Mas os cientistas com quem ele conversou nos últimos dois anos garantem que em nenhum momento He disse que trabalhava com o objetivo de implantar embriões e conseguir uma gravidez bem-sucedida. Feng Zhang, um dos pais da tecnologia CRISPR, empregada pelo geneticista chinês, lembra que “ficou claro que ele tinha os mesmos problemas que outros pesquisadores sobre a falta de eficiência e precisão” desse método. “Eu disse a ele que a tecnologia não é suficientemente eficiente nem precisa para sua aplicação em embriões no mundo real, incluindo as aplicações de fertilização in vitro em humanos”, disse à publicação especializada SLAT.

Omissões

Na China, ele aparentemente também não revelou seus planos. Embora o experimento tenha sido conduzido em Shenzhen, no sul, onde He tem seu laboratório, ele recrutou os casais voluntários por meio de uma organização humanitária contra a Aids em Pequim. Obteve uma licença de sua Universidade, a SUST (Universidade Sul de Ciência e Tecnologia da China) e, embora esta instituição tenha custeado o experimento mediante recursos para start-ups, He garantiu que as despesas dos voluntários correram por sua conta. E que, embora tenha duas empresas especializadas em pesquisa genética, não colocou dinheiro de nenhuma delas.

A universidade se distanciou dele. E também o hospital com o qual ele supostamente colaborou, que denuncia a falsificação de assinaturas.

Como ele pôde atuar? Na China, as leis que regulam a pesquisa são vagas e sua aplicação é relativamente frouxa. A rigidez dos comitês de ética é altamente variável. A grande maioria dos acadêmicos e especialistas desenvolve seu trabalho dentro de rigorosos parâmetros éticos e científicos, mas a pressão para inovar em ritmo forçado e a abundante disponibilidade de dinheiro também tornaram possível iniciar projetos loucos que acabam dando em nada. Em 2016, dois cientistas do norte da China, Sergio Canavero e Ren Xiaoping, anunciaram sua intenção de fazer experiências com transplantes de corpo inteiro; um laboratório em Tianjin (leste da China) se propôs a clonar um milhão de vacas.

Não está claro, dada a opacidade da pesquisa, se o experimento de He pertence a este último grupo ou se realmente, e apesar da falta de detalhes, é sério. Os especialistas consideram perfeitamente possível que ele tenha conseguido. Como enfatizam, o CRISPR é uma tecnologia relativamente simples de usar. E ele tem o conhecimento necessário.

Talento de volta

Este filho de camponeses, nascido no sul da China em 1984, estudou Física na Universidade de Ciência e Tecnologia da China. Continuou os estudos nos Estados Unidos: um doutorado em biofísica na Universidade Rice e um pós-doutorado entre 2010 e 2012 em Stanford, no laboratório do Professor Stephen Quake, onde pesquisou sequenciamento genético.

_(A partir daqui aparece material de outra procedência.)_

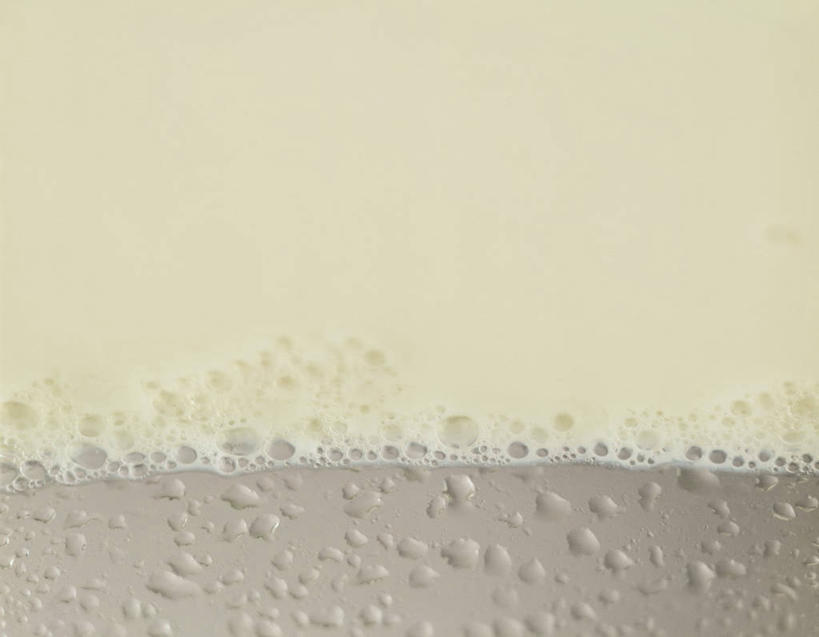 牛奶,无人,横图,俯视,室内,特写,白天,阴影,反射,影子,气泡,涟漪,漩涡,饮品,营养,水泡,饮料,泡泡,圆弧,乳制品,奶,牛乳,安神,彩图,高角度拍摄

Em 2012 retornou à China, incentivado em parte pelo programa “Milhares de Talentos”, que recompensa profissionais altamente treinados que queiram trabalhar no país, e obteve uma posição como professor associado na SUST, criada um ano antes em Shenzhen. Lá, seu trabalho se concentrou em pesquisas com macacos, ratos e embriões não viáveis.

Ou então era isso que dizia. Como ficou claro agora, seu trabalho principal era buscar a glória. Ou, como salienta José Pastor, diretor do laboratório da Universidade de Tsinghua, “quase certamente esse pesquisador não tem outro estímulo a não ser se tornar primeiro a fazer algo assim”.